[Data items]
Content starts

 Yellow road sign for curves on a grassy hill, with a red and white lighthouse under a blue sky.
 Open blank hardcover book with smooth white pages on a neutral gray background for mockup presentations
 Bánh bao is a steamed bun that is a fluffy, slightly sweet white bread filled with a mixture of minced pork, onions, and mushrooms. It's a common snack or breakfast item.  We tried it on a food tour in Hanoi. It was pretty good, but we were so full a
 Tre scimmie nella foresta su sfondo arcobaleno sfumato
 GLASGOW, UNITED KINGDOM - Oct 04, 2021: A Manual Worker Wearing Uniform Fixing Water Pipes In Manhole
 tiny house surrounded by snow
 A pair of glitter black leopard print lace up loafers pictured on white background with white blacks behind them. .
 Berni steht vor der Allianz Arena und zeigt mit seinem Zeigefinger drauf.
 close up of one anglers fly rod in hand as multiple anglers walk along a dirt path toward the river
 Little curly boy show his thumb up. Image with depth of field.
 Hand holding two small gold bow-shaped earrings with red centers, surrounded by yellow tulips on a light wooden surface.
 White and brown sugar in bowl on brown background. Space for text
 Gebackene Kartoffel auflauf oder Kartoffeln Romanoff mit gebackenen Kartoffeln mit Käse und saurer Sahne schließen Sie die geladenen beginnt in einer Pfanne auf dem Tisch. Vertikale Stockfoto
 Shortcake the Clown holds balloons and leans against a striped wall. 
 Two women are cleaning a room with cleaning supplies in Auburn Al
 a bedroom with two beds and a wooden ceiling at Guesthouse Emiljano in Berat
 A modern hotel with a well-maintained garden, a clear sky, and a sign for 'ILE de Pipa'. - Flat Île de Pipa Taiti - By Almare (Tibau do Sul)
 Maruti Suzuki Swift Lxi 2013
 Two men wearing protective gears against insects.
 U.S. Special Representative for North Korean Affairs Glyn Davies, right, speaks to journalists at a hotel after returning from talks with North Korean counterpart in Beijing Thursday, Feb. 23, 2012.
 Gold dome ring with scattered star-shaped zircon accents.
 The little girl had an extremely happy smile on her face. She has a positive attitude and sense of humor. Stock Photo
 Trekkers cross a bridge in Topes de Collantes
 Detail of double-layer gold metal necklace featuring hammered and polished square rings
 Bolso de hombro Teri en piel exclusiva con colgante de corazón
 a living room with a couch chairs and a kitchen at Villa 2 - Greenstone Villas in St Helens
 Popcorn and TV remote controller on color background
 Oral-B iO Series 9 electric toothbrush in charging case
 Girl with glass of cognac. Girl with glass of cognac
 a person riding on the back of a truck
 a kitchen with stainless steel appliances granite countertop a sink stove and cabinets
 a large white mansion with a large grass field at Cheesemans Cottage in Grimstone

Content ends

Work task:
Starting with the line above that holds "tiny house surrounded by snow" and stopping with the line that holds "Shortcake the Clown", reproduce each line exactly, omitting all other lines.

Solution to this problem:
 tiny house surrounded by snow
 A pair of glitter black leopard print lace up loafers pictured on white background with white blacks behind them. .
 Berni steht vor der Allianz Arena und zeigt mit seinem Zeigefinger drauf.
 close up of one anglers fly rod in hand as multiple anglers walk along a dirt path toward the river
 Little curly boy show his thumb up. Image with depth of field.
 Hand holding two small gold bow-shaped earrings with red centers, surrounded by yellow tulips on a light wooden surface.
 White and brown sugar in bowl on brown background. Space for text
 Gebackene Kartoffel auflauf oder Kartoffeln Romanoff mit gebackenen Kartoffeln mit Käse und saurer Sahne schließen Sie die geladenen beginnt in einer Pfanne auf dem Tisch. Vertikale Stockfoto
 Shortcake the Clown holds balloons and leans against a striped wall. 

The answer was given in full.